### PROBLEM REQUIREMENTS
Exclude the pictures, then restate exactly each line of the data below from the first through the line containing "a living room".
────────────────
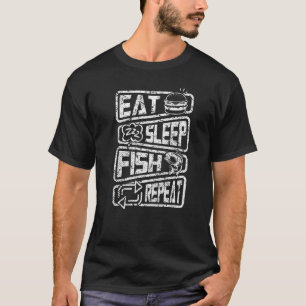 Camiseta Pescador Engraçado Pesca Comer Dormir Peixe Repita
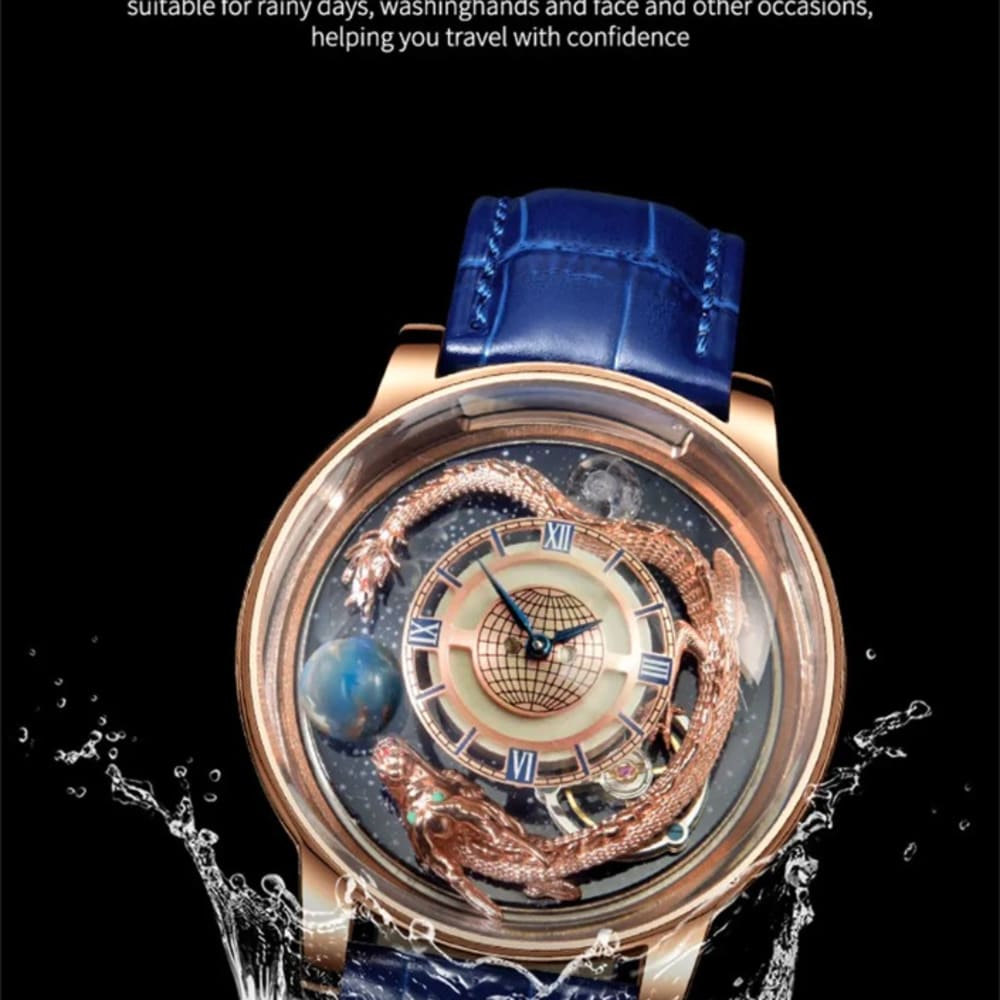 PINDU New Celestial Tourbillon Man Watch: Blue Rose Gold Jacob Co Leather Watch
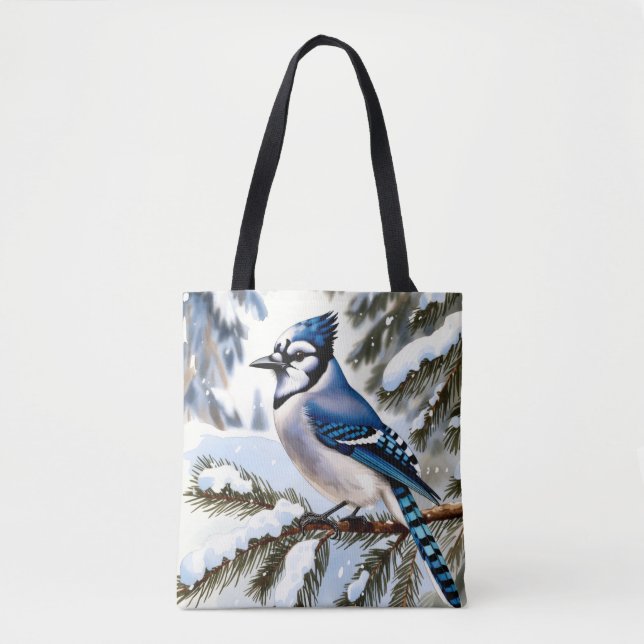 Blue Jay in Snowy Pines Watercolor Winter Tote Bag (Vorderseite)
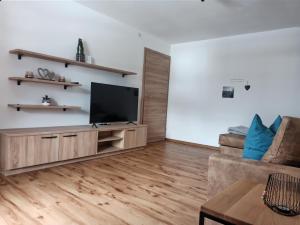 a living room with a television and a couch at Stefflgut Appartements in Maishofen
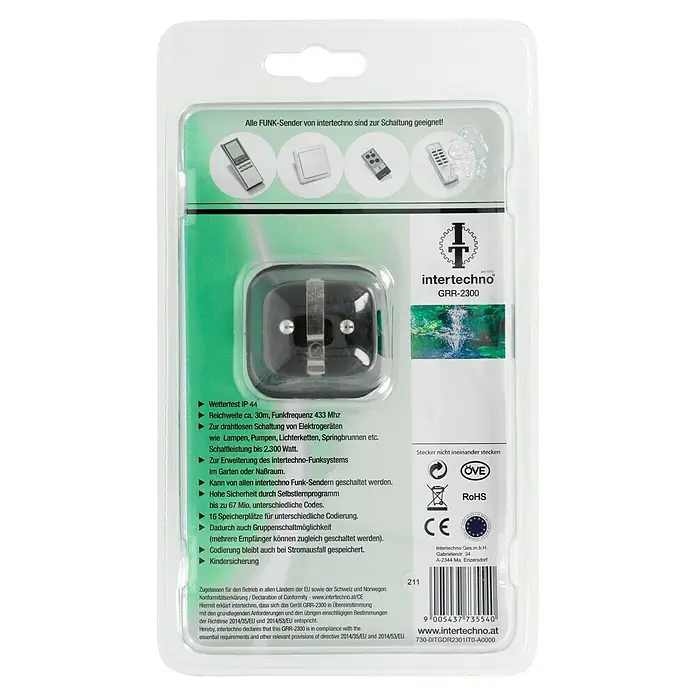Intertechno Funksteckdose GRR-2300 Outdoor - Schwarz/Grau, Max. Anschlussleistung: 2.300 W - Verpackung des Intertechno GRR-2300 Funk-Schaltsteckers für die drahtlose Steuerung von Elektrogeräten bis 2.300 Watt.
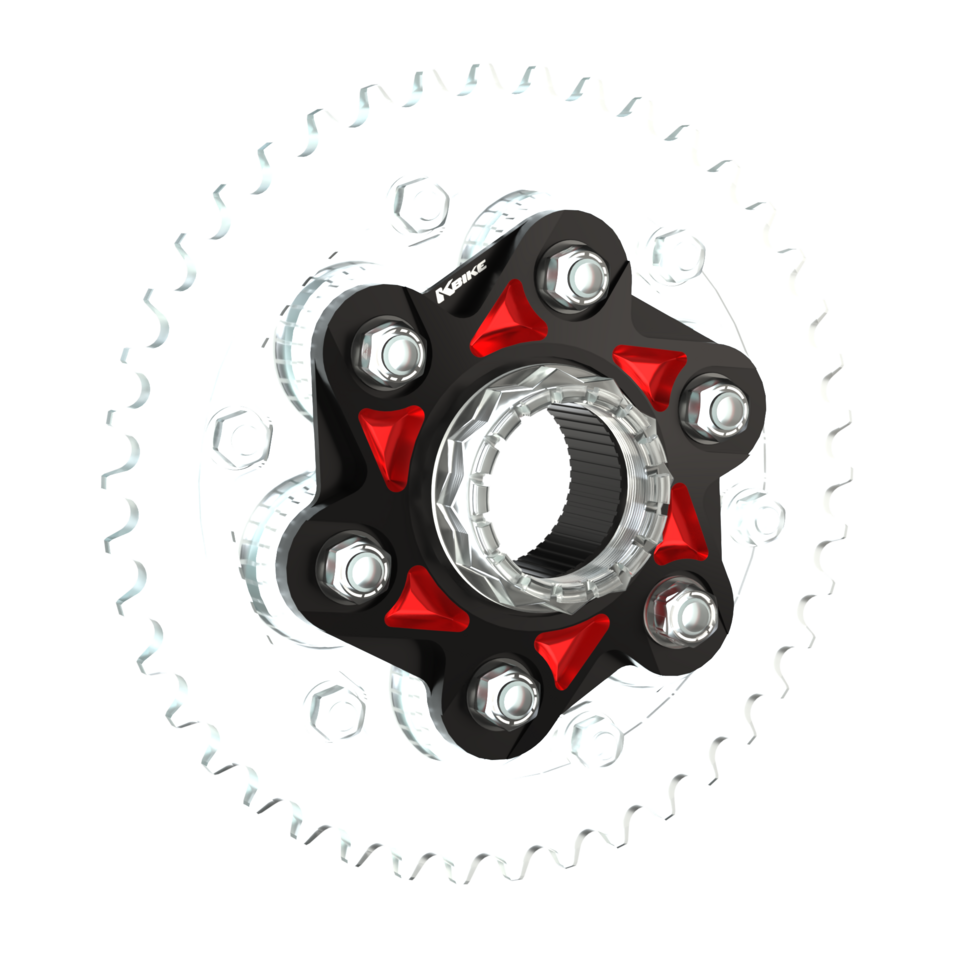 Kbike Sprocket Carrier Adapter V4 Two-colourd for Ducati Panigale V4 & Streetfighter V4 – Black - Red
────────────────
### ANSWER FOR THIS EXERCISE
 Camiseta Pescador Engraçado Pesca Comer Dormir Peixe Repita
 PINDU New Celestial Tourbillon Man Watch: Blue Rose Gold Jacob Co Leather Watch
 Blue Jay in Snowy Pines Watercolor Winter Tote Bag (Vorderseite)
 a living room with a television and a couch at Stefflgut Appartements in Maishofen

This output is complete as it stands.